Okay, now that the dark, gloomy and moody stage is set, I’d like to paint a picture for you, dear reader. It is dusk on a cripplingly cold day, wind whistles with piercing pain, the world is quiet with the occasional feet crunching in inches of snow.

Street lights glow with the wisdom of nascent nightfall; some wild beasts roam around with only athletic shorts covering their legs and trees are bare.

Are you sad yet? No

Maybe these familiar sights and foreign-ish stories bring up negative emotions in you, making the world seem like a half-empty glass. Maybe you are reminded of the bitter reality that awaits you outside the four walls of your home. Maybe, just maybe, you can relate to the very personal things I have thrown out onto a Google Doc, and you are wondering how this melancholy article will end in action.

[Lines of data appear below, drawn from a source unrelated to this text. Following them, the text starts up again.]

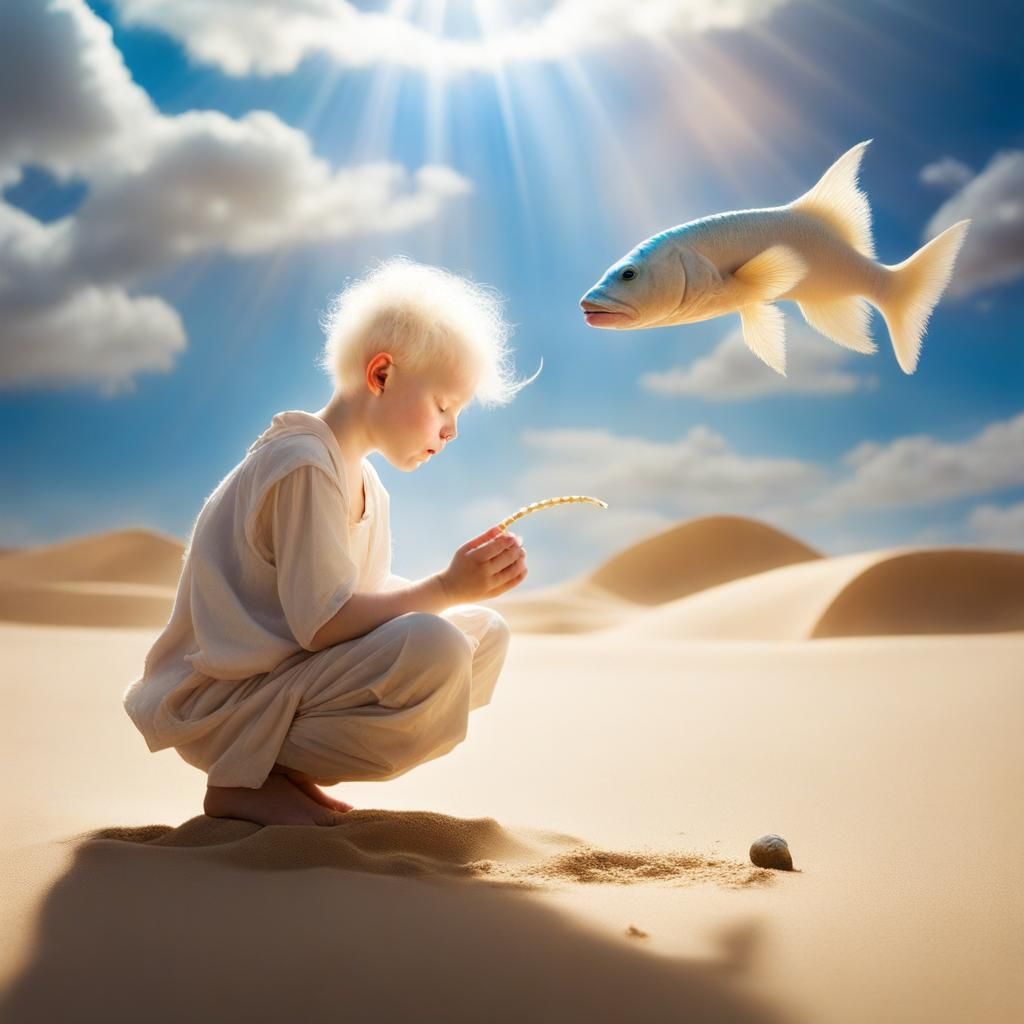 Celestial Light Illuminates Desert Nomad Child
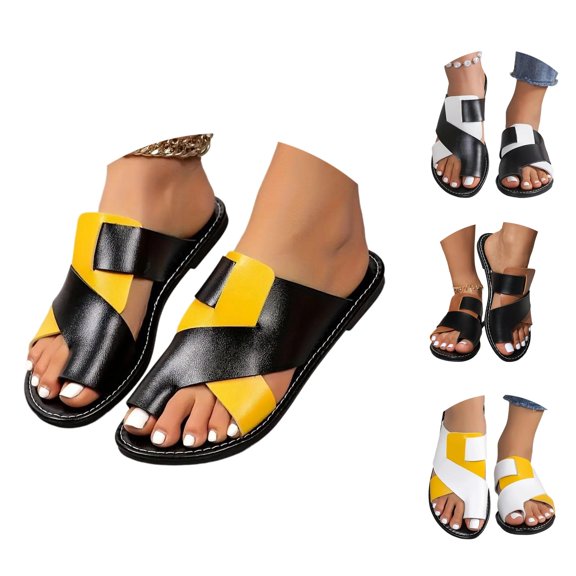 oqasdz Slippers for Women Fashion Open Toe Flat Slippers Soft Elegant Thin Strap Low Heel Patchwork Color Sandals for Summer Casual,Yellow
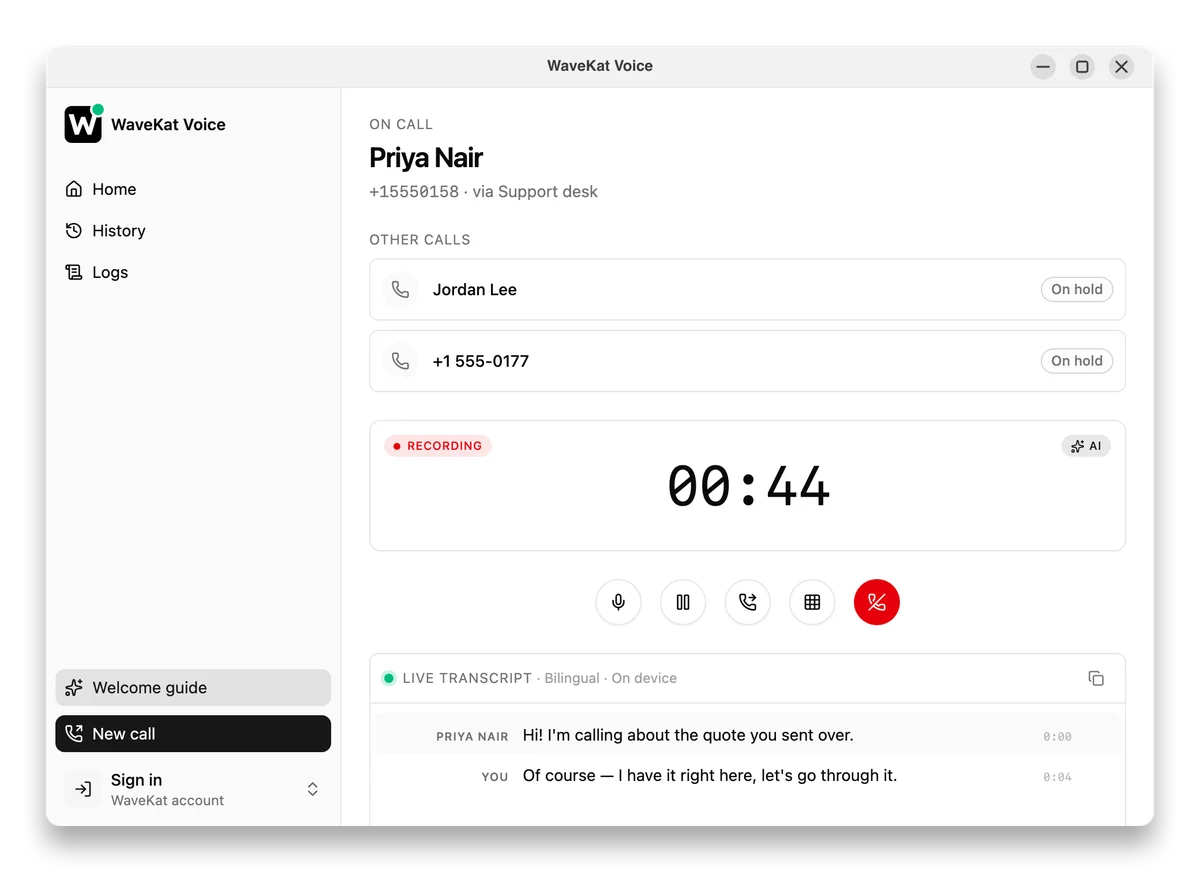 WaveKat Voice on Ubuntu — a live call with two more callers waiting on hold in the call switcher.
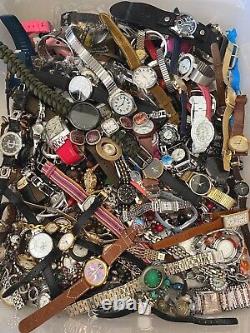 HUGE 63 LBS+ BOX LOT Wrist Watches Vintage Modern POUNDS Repair Parts Resell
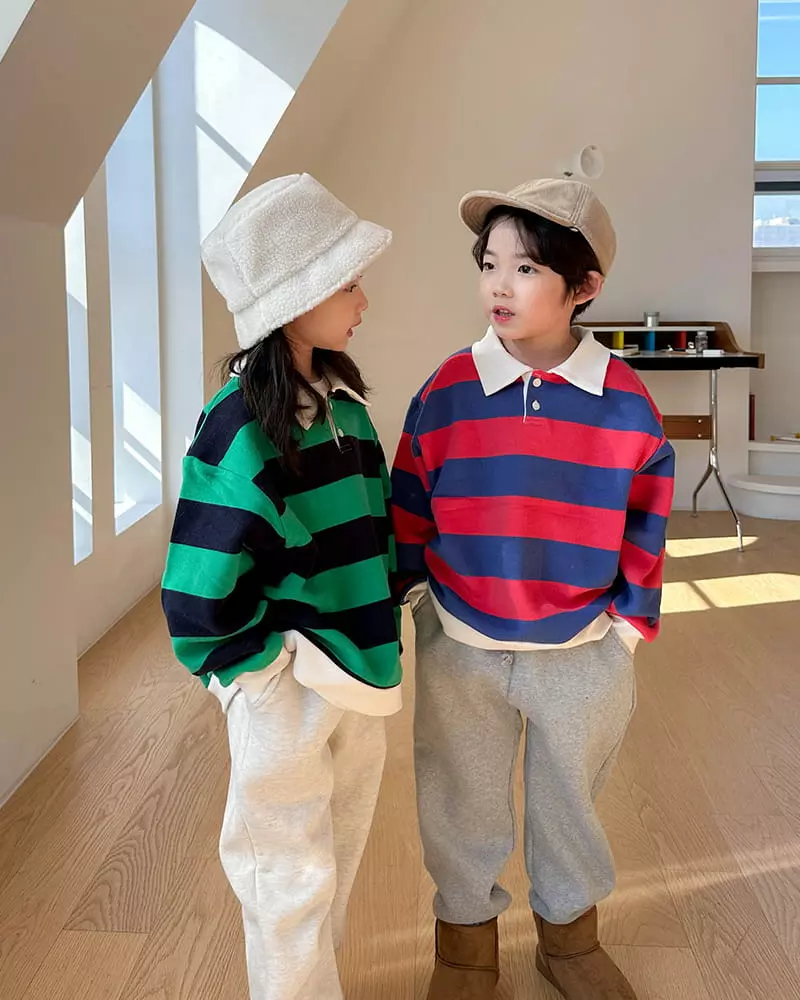 Witty Boy - Korean Children Fashion - #littlefashionista - Joy Stripes SWEatshirt - 2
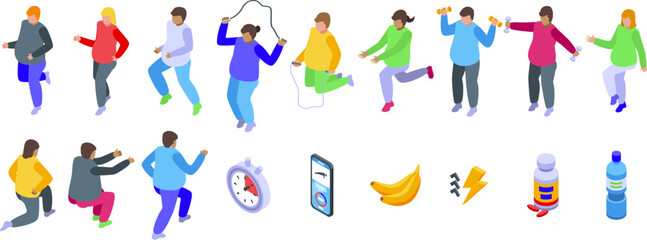 Fat burning workout icons set isometric vector. Jump exercise. Weight loss - obrazy, fototapety, plakaty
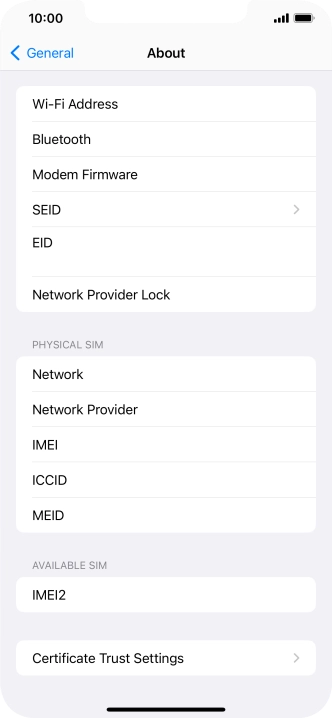Your phone's EID number is displayed below EID.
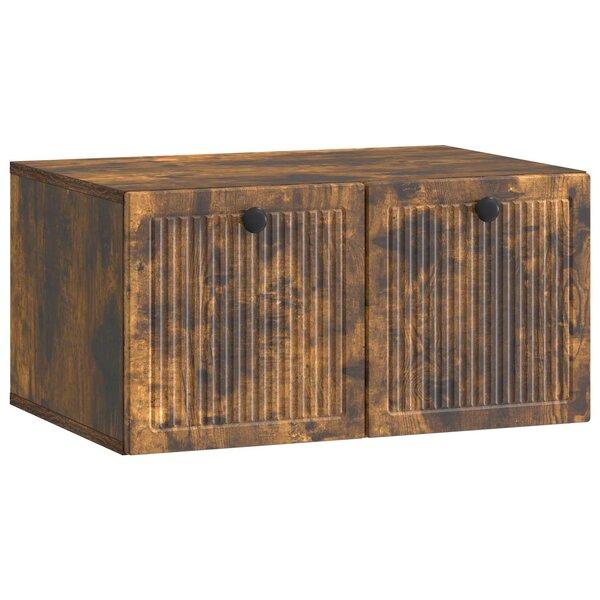 vidaXL Meuble TV mural Chêne fumé 59 5 x 41 x 30 cm Bois d'ingénierie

It does, yet we will not leave the miserable winterlandschaft I have laid out so far to get there. 

In the midst of these dreary winter evenings and wretched memories, there is so much beauty. Pain, trauma and sadness are the darkest emotions and colors in the painting of my life. They melt together in a confusing mixture with the happiest, brightest, most uplifting emotions in the world to form never-before-seen, relatable, laughable, cryable, joyful, sad, magnificent stories and lessons.

On this woeful evening, I write to you after a terrible, no-good, awful softball practice where I did quite literally every drill I was bad at. I bobbled balls, mis-hit pitches and felt physically exhausted. But I had a blast.

I laughed with teammates, talked with coaches and watched in awe at the majestic movement of the team. As a senior, I am reminded every day of the ticking clock that counts down the days until I hang up my cleats  forever (until I find myself sucked into a beer league). 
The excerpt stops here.